Ringkasan amalan para sahabat yang menjadi tolak ukur bagi kita adalah sebagaimana yang dibawakan oleh Imam al Auza’y:
خمس كان عليها أصحاب رسول الله صلى الله عليه وسلم : لزوم الجماعة واتباع السنة وعمارة المسجد وتلاوة القرآن والجهاد في سبيل الله .
Ada lima perkara yang dipegang erat oleh para sahabat Nabi dan para tabiin: mengikuti jamaah, mengikuti sunnah, memakmurkan masjid, membaca al-Qur’an dan jihad fie sabilillah. (Syarhus Sunnah, Oleh al-Baghawi, 1: 209, Al Baihaqi Syu’abul Iman: 2685)
Berikut penjelasan kelima hal tersebut:
Pertama: Melazimi Jamaah
Secara bahasa, jamaah berarti perkumpulan. Secara istilah, jamaah mencakup dua makna: pertama, makna yang sinonim dengan makna sunnah. Kedua, berkumpulnya kaum muslimin di bawah kepemimpinan seorang imam. Adapun makna pertama jamaah yang bersinonim dengan sunnah ditunjukkan oleh dalil-dalil berikut ini:
“Dan barangsiapa yang menentang Rasul sesudah jelas kebenaran baginya, dan mengikuti jalan yang bukan jalan orang-orang mukmin, Kami biarkan ia leluasa terhadap kesesatan yang telah dikuasainya itu dan Kami masukkan ia ke dalam Jahannam, dan Jahannam itu seburuk-buruk tempat kembali.” (QS. An-Nisa’: 115)
Ayat di atas memberitahukan kita bahwa hukum mengikuti jalan para sahabat sebagaimana mengikuti Rasulullah. Orang yang menyelisihinya akan mendapat dua musibah: tersesat dan siksa jahannam. Karena itu siapa saja yang tidak ingin tersesat dan masuk jahannam, maka jangan sampai menyelisihi Rasulullah dan jalan orang-orang yang beriman.
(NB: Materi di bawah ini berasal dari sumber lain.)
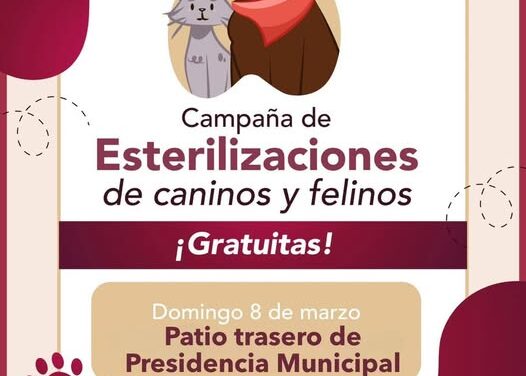 Habrá Campaña de esterilización canina y felina en Tepeji del Río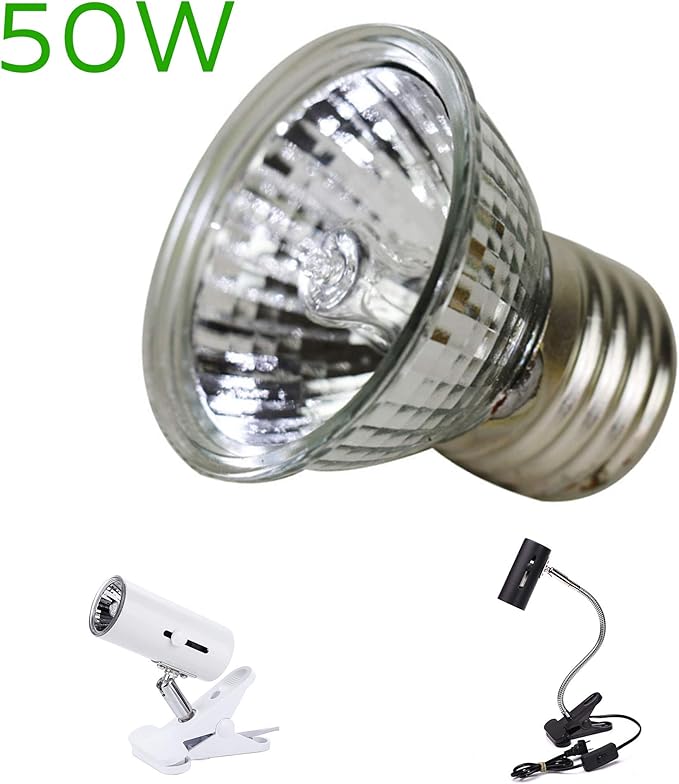 CALPALMY 4-Pack 50W UVA+UVB Bulbs | Heat and Light for Reptiles and Amphibian Tanks, Terrariums and Cages | Works with Various Lamp Fixtures CalPalmy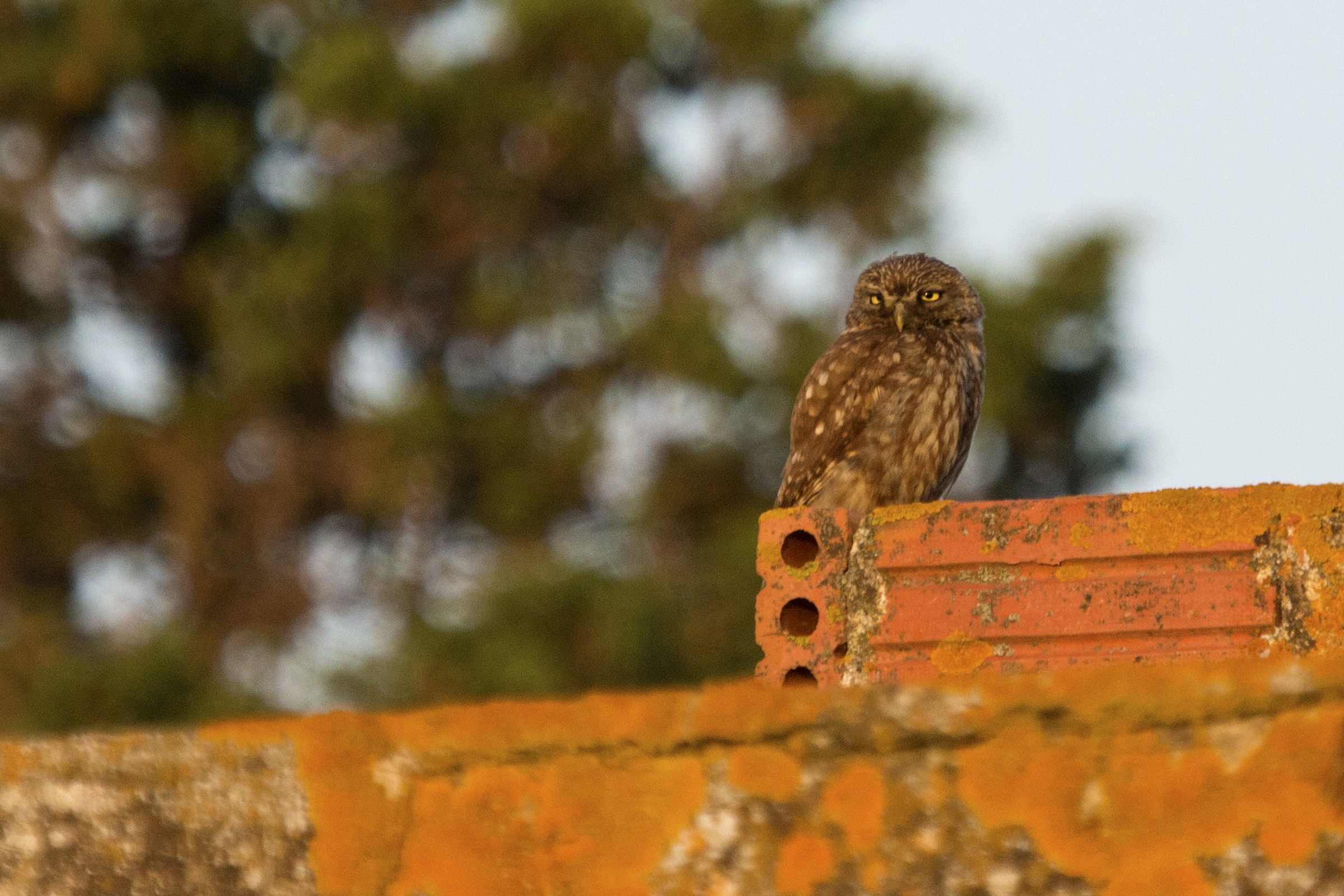 Civetta...innaugurale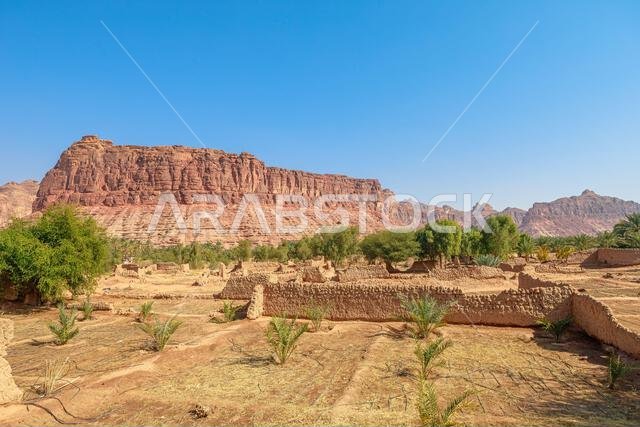 سائح يسير في المزارع القديمة على طول المسار التراثي، عابراً أطلال المدينة القديمة والواحة عند سفح جبال الحجر الرملي الأحمر في العلا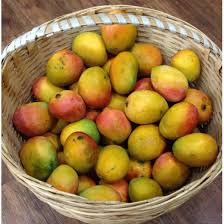 Hybrid mango tree 2 -3 feet Lowest price guarantee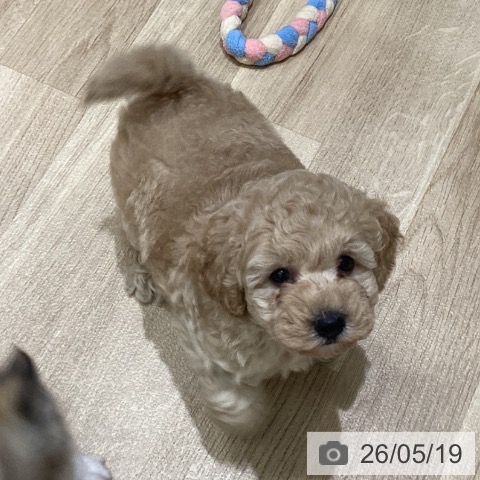 宮城県のトイプードル(トイ) (ペットプラス 名取店/2026年3月13日生まれ/男の子/クリーム)の子犬の3枚目の画像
Sedangkan jamaah yang berarti bersatu di bawah kepemimpinan seorang imam ditunjukkan oleh sabda Rasulullah yang artinya:
“Barangsiapa yang melihat sesuatu yang tidak ia sukai pada pemimpinannya, hendaklah ia bersabar. Sesungguhnya tidak seorang pun meninggalkan Jamaah sejengkal lalu ia mati kecuali ia mati seperti matinya orang-orang Jahiliyah.” (HR. Al-Bukhari dan Muslim)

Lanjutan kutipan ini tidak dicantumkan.